Anathema | The Optimist

You-Phoria’s official position on Anathema is that with The Optimist, the band has revealed itself to be not only the Celine Dion of alternative rock but also a shameless imitator of other bands to a level heretofore unheard: Besides the fact that most of the album is a retread of a style these guys perfected two albums ago, “Endless Ways” and “San Francisco” sound exactly like any number of post-millennial U2 songs, and “Can’t Let Go” is a nearly unforgivable ripoff of Radiohead’s “Weird Fishes”. Yet I forgive them. For some reason I need this sort of sappy melodrama in my life as a reminder of what it was once like to feel that matters of the heart were all that was consequential, blissfully unaware that society was crumbling around me, and Vincent Cavanagh and Lee Douglas sing this shit so passionately that my idiot soul suspends disbelief for a while. I hope they crank out another album just like this in two years.

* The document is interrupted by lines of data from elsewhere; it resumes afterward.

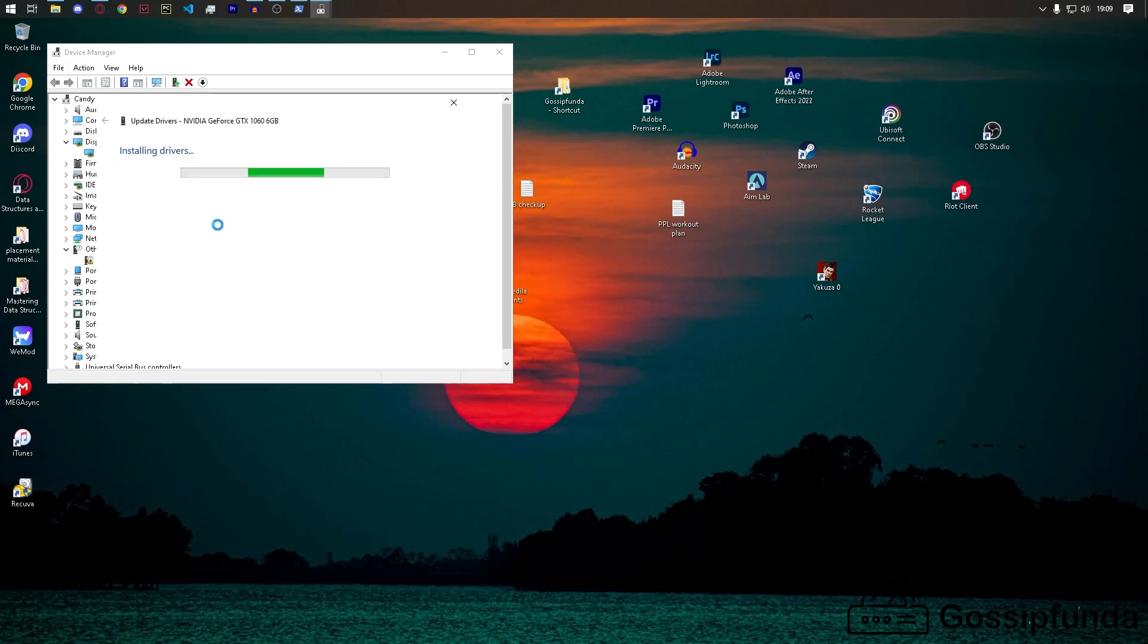Or you can reinstall the video card drivers in the same way.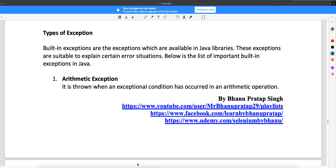Welcome back guys. Here we'll try to understand what are the types of exceptions which we see and how they can be handled. The built-in exceptions are exceptions which are available in Java libraries. These exceptions are suitable to explain certain error situations. There are many more exceptions, but you need to know a few so that if someone asks you in an interview, you can tell them.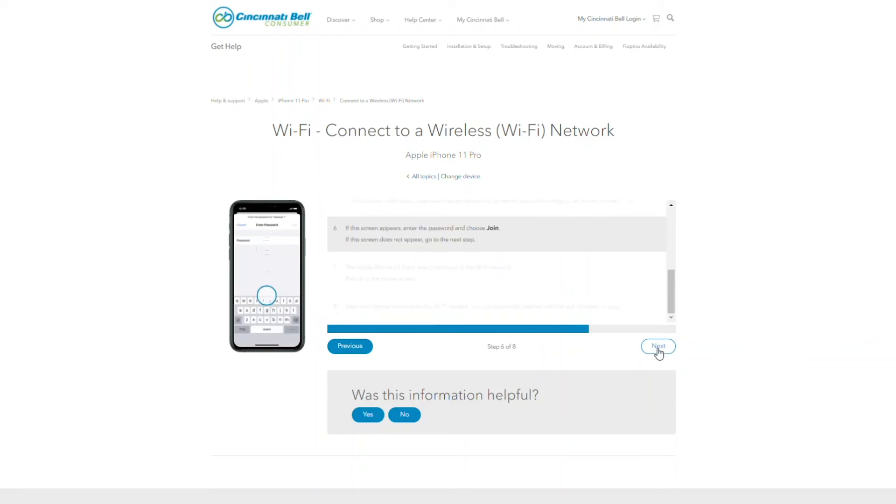Here is where you enter your Wi-Fi password. If you're not sure what your Wi-Fi name or password is, you can look at the back of your gateway for the information. Click the next button.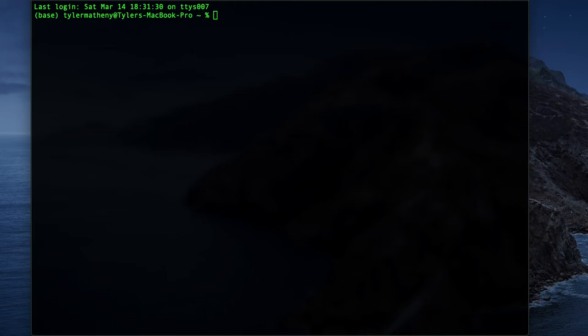Hey, how's it going everybody? Today I wanted to make a quick tutorial on how to run Jupyter Notebooks on a remote cluster.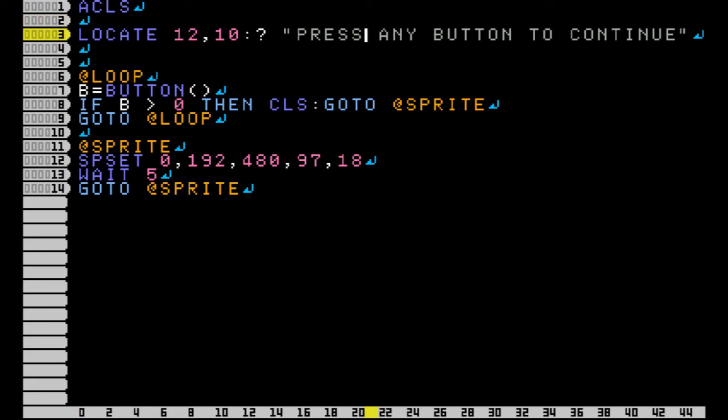Now in this program it starts out by clearing the screen. We locate our text to the middle, and instead of print we could just put the question mark sign - that works just like print.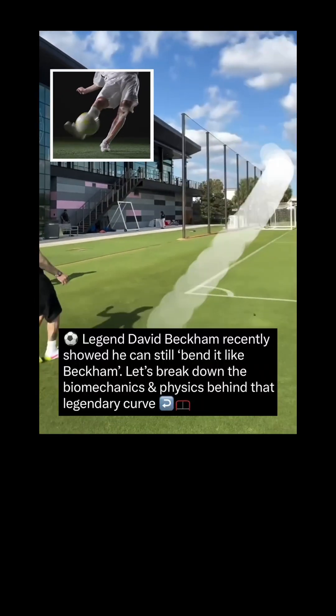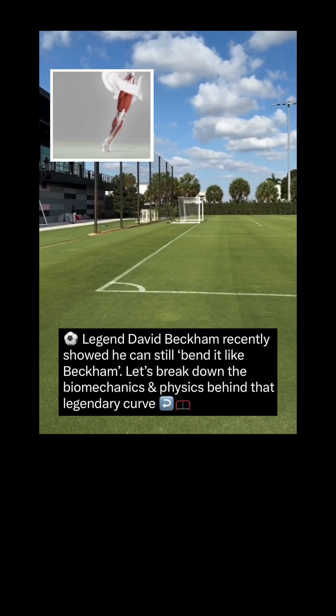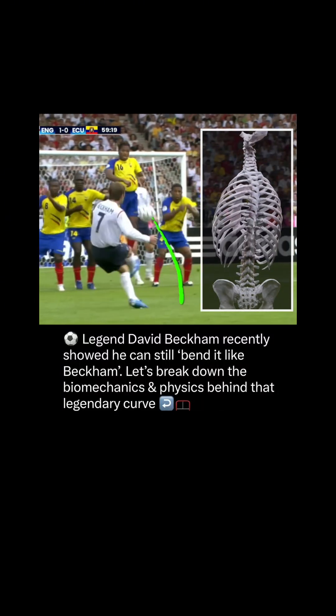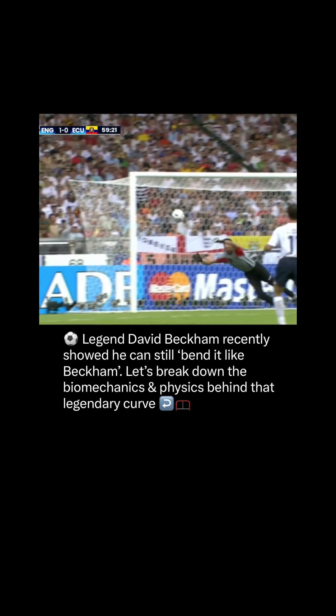Football legend David Beckham recently showed us that he could still bend it like Beckham. Let's break down the biomechanics and the physics behind this legendary curve.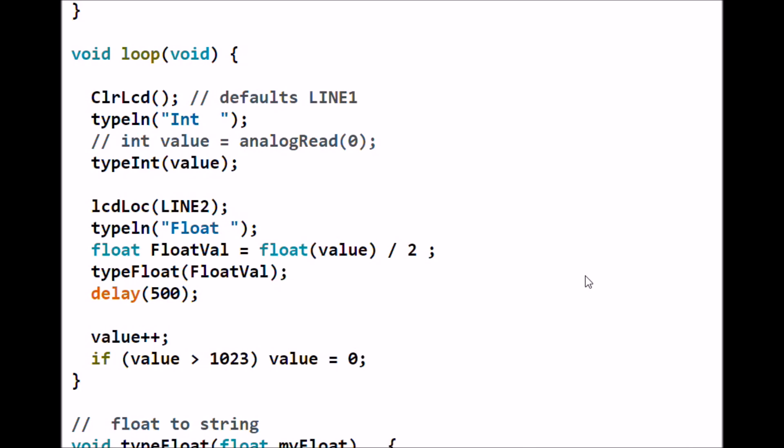This is what you actually saw in the video being displayed on the LCD. First I'm going to clear the LCD display. When I do that it defaults to line 1, row 0 column 0, line 1 position 0. I type the character string 'int' with a space.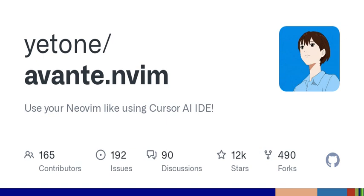Welcome back to another episode of Tech Talk Today. I'm your host, and I'm really excited to dive into a fascinating topic that's creating some serious buzz in the developer community. Today, we're exploring a tool called Avante.nvim, a NeoVim plugin that's designed to supercharge your coding experience with AI-driven assistants.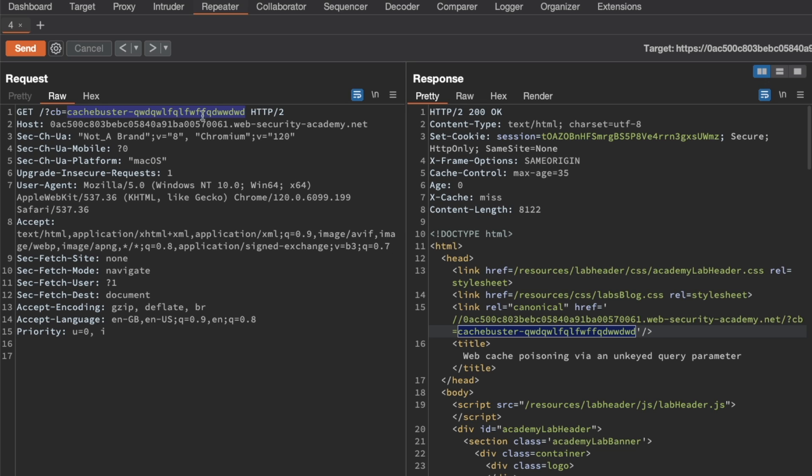We'll try to do that, but it's actually going to be quite useless because the query string is part of the cache key. We'd only be poisoning the cache for our own version with our own cache buster. But we'll do it anyway because it'll be a nice follow-up once we find the UTM content query parameter.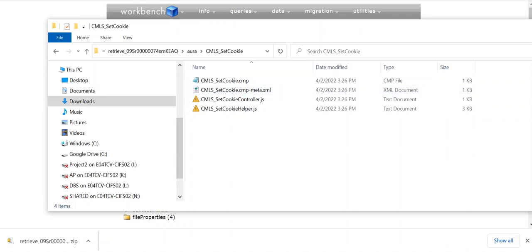So this is how you retrieve a change set using Workbench.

Twin Peaks: Music From The Limited Event Series

When I heard that David Lynch was reviving Twin Peaks, I groaned. His last major work of film, Inland Empire, was complete drudgery, and that was over ten years ago. I thought he was basically finished and that it was probably for the best. When I then read the looong list of cameos slated for this 18-episode run, I shook my head with dread. Great, Eddie Vedder is in the new Twin Peaks; clearly this is gonna be some kind of Portlandia-esque sendup of all the most farcical aspects of my all-time favorite TV show TWENTY-SEVENTEEN IS MY OWN PERSONAL NIGHTMARE. Little did I realize that most of those cameos would come in the form of live musical performances at the Roadhouse to close out each episode—and even that sounds like a terrible, unLynchian gimmick, but wow, it wasn’t. That David Lynch has good taste in music eh. He got Trent Reznor to once again channel his inner Adam Ant, he got Vedder to come up with his best song in at least a decade, he got a bunch of awesome modern artists you wouldn’t think he’d even be aware of, he got his son, who formed a band (Trouble) with Alex Zhang Hungtai (Dirty Beaches) for a kick-ass one-off single, he got Julee Cruise to come back to do one of her classic tunes, he snuck in a handful of choice vintage soul/R&B cuts as he often does, and he got Angelo Badalamenti to compose some incredible new material in addition to a few of the iconic themes from the original run of the show. Okay, I could’ve done without “Sharp Dressed Man”, yes. Otherwise I have no trouble listening to this beginning to end, over and over. Well I do skip “Green Onions” sometimes. How many times in your life do you need to hear that. But still.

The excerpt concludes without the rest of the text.